Tuesday, 7 February 2017
Sunday, 5 February 2017
Bad Plant Mama
My colleagues got me a fancy Magma sketchbook for my birthday, and I've been filling its pages with some speed. It's a revelation to me how quick sketching is compared to the labour of love that is embroidery.
I've been feeling a little glum this past week. First and foremost, I hold the weather responsible; it has been grey and drizzly most of the time.
A symptom of depression which I didn't expect and which I didn't experience before I entered the world of work was feeling constantly tired. It is increasingly difficult to get up in the morning; the thought that gets me through the day is the possibility of sleep soon.
There are other side effects; over the last few weeks my bedroom became what I can only describe as a "depression pit". It got to the stage where I knew there were things I needed to use in there somewhere, but where they were was another question, as was summoning the energy to find out. I didn't want to see friends (especially of an evening, when doing so would take me away from the bed base camp), yet felt intensely lonely.
This was by no means a very serious depression, only impinging slightly on my life, but I thought it was best to be mindful and act. I took a duvet day on Thursday, went back to bed for an hour or so, then tackled the detritus of my room, and felt considerably better.
My plants don't seem to be enjoying the dark days either; several are rather droopy. To turn this on its head and avoid depression-exacerbated feelings of guilt and inadequacy as a #plantmama, I did a little drawing in my sketchbook.
Monday, 30 January 2017
Self Care Series
My brother got me Posca Pens for my birthday and I got straight to work with them.
The first little sketch I completed was an idea to be embroidered and eventually wind up as a t shirt design. I may still do this, but with Valentine's Day coming up, I began to think of other ways that you can show yourself a little love (I fully intend to buy myself some roses and eat something heart-shaped on Valentine's Day, by the way).
It's so easy to be a workaholic or put all your time, energy and love into relationships with others. It's so easy to not extend that care to yourself. This series is a little riposte to that. I might make a slightly personal collage/illustrative/stitched zine featuring the series called "Quiet Enjoyment" after a covenant of tenancy which tickled my fancy... I'm collecting unusual phrases and intriguing etymologies.
Sunday, 22 January 2017
Strength and Weakness
Yesterday was my twenty sixth birthday.
Birthdays can be difficult.
Not because I fear growing old, but because I have a tendency to look back.
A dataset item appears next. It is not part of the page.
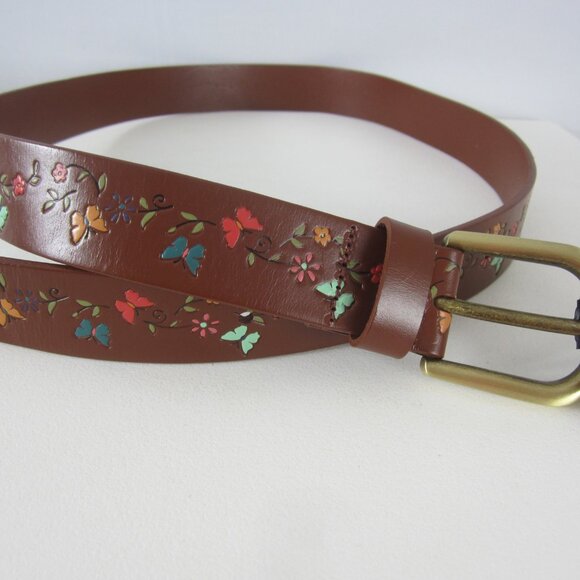 New Patricia Nash Vietri Leather Tooled  Belt Medium Flowers Butterfly NWT $69 M - Picture 2 of 7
I consider the previous year and see how very little I have achieved, and, because I am a human and we tend to zero in on pain, how unhappy I was for parts of it.
I also had a slightly stressful week, combined with feeling quite burnt out.
However.
Yesterday evening we had a little soiree of sorts in the new studio I am sharing with three artist friends. We invited attendees to stitch "talking pillows", watched "The Pillow Book", and drank sake with cherry juice. We ate Japanese snacks and I wore my faded and threadbare kimono. We chatted and giggled.
And it was lovely.
It was perhaps the most unusual birthday party I've had, and will stay in my memory for quite some time.
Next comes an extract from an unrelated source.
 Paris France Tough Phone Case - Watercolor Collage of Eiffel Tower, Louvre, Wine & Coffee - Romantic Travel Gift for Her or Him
Last year I was descending into a horrible depression around the time of my birthday, which wouldn't lift 'til early March.
Mid-late January can be a very bleak time. Post-Christmas, cash and energy is low, waistbands have expanded, it's the coldest it's likely to be all year, and, though the days are getting longer, it's not by very much at all. I think I, like many others, may suffer from a touch of the Seasonal Affective Disorder.
I've made a deal with myself, though; I'm tough. A lot of people might smirk at that, knowing, as I do, that I'm a bit of a doormat, I'm timid, insecure, needy (the catalogue of failings goes on and on...), but I am tough. I've got grit. I wouldn't still be here otherwise. I'm tenacious, and when I want something, I dig my heels in and get to work. I'm the little engine that could, and I laugh in the face of the spectre of mental illness.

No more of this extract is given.